冷静に考えれば、この「タルカス組曲」は、明らかにエマーソンの志向で、レイクの志向では無い。ましてや、パーマーの志向でも無い。エマーソンが以前に率いていたバンド「ナイス」でやりたくて出来なかった「ロックとクラシックの融合」を、この「タルカス組曲」でやってのけた、その感が強い。それでもレイクのエレベは超絶技巧だし、パーマーのドラムはパワー全開。バンド全体で凄まじいパフォーマンスを披露している。この組曲の完成度は凄い。ロックの古典的名演として、後世に語り継ぐべき「遺産」である。
逆に、LPのB面を占める小曲の数々は、恐らくはグレッグ・レイクの志向が強いと思われる。彼はポップ・ロックのボーカリストとして売れたかった「ふし」があるのだが、確かに彼のボーカル曲についてはそれなりに雰囲気がある。が、それならば「キーボード=エレベ=ドラム」のロック・トリオで無くても良かったのでは、と思う。そういう志向を持ったレイクが、何故、エマーソンと組もうと思ったかは、僕にとっては疑問ではある。が、この小曲での演奏はどれも楽しそう。バンドの充実度合いが窺い知れる。
アルバム・ジャケットを飾る、空想の動物「Tarkus(タルカス)」のイラストも秀逸。アルバム・ジャケットも含めて、この『Tarkus』というアルバム、1970年代ロック史上に後世に渡って残る「アーティスティックな好盤」の一枚。
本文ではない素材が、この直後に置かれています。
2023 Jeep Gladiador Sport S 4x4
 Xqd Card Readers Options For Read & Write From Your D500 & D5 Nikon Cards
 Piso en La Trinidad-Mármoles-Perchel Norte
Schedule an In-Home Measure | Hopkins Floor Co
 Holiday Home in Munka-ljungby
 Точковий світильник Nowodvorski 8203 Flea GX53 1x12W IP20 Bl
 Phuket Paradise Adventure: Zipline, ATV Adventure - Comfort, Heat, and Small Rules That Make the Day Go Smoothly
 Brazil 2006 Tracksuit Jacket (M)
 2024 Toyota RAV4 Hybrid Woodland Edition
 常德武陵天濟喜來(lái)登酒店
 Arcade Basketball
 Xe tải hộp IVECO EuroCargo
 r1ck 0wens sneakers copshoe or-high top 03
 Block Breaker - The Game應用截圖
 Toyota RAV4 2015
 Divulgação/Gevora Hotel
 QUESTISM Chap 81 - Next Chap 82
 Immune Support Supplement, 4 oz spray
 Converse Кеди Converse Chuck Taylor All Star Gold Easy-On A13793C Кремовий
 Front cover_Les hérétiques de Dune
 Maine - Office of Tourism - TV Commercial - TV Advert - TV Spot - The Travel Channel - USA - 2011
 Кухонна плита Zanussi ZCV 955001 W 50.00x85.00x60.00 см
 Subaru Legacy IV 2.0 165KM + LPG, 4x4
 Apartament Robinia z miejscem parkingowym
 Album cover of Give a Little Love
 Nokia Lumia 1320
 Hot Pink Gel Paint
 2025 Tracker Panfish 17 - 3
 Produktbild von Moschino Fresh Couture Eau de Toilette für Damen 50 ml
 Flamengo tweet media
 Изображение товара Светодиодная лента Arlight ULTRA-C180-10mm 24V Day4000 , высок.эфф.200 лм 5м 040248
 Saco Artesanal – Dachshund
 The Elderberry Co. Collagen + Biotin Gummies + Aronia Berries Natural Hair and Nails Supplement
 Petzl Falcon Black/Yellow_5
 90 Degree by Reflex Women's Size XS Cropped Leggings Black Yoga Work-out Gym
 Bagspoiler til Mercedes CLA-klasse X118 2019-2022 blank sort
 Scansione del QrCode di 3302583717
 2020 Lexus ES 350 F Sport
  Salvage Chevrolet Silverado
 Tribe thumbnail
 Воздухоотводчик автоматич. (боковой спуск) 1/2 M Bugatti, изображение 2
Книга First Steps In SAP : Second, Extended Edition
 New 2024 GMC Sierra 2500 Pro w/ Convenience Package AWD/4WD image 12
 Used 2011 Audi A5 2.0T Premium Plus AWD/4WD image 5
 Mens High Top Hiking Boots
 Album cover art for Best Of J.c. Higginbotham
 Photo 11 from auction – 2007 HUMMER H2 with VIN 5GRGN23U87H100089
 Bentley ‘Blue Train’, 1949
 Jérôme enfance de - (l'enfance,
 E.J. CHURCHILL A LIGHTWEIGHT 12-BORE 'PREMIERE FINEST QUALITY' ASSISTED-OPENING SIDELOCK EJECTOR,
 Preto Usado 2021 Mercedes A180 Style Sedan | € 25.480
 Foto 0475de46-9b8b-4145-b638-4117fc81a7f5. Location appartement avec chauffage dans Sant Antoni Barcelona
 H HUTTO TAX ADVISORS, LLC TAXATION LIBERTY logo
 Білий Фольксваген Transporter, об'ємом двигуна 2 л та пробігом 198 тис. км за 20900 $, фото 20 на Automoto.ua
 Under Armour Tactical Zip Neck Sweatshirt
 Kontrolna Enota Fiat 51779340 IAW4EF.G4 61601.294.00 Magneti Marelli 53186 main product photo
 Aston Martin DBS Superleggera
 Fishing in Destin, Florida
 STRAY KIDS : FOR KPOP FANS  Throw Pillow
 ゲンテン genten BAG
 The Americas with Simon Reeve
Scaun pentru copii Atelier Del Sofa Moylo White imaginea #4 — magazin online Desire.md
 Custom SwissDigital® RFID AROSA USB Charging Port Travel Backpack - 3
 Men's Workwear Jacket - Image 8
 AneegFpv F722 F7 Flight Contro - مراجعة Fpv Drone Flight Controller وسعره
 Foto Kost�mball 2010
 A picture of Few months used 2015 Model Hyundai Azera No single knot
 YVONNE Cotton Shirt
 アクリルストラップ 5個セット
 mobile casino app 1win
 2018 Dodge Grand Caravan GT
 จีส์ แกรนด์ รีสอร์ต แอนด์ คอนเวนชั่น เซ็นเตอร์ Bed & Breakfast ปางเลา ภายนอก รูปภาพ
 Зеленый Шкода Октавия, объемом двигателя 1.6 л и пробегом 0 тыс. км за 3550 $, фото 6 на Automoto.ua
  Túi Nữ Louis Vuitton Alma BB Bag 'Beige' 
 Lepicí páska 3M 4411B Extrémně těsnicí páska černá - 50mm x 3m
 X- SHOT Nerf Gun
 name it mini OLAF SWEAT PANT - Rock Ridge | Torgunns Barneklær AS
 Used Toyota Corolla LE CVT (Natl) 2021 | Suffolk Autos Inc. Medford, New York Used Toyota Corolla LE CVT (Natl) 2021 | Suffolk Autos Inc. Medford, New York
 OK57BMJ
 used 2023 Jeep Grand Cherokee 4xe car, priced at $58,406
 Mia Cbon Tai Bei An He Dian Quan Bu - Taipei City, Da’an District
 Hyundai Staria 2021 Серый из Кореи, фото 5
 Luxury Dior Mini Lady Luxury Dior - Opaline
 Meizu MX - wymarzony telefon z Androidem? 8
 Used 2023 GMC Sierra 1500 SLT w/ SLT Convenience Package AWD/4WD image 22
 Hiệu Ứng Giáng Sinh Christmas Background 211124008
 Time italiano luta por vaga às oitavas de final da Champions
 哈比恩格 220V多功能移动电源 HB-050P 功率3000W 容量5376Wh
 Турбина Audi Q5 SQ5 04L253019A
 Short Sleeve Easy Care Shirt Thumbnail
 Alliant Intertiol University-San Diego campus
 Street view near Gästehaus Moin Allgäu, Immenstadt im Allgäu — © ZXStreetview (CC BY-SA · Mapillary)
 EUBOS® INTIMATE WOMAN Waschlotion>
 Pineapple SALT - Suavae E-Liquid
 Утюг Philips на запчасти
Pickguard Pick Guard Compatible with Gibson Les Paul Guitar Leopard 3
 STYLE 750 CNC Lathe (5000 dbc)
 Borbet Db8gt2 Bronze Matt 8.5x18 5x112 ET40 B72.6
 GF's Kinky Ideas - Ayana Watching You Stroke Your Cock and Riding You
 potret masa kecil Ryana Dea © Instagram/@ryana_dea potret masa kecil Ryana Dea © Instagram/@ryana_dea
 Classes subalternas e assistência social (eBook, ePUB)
ロックがアートであった時代の「遺産」である。しかし、いつ聴いても。このELPの演奏を聴いた後は、爽快な疲労感が残る。「体育会系プログレ・バンド」の面目躍如である。
東日本大震災から8年11ヶ月。忘れてはならない。常に関与し続ける。がんばろう東北、がんばろう関東。自分の出来ることから、ずっと復興に協力し続ける。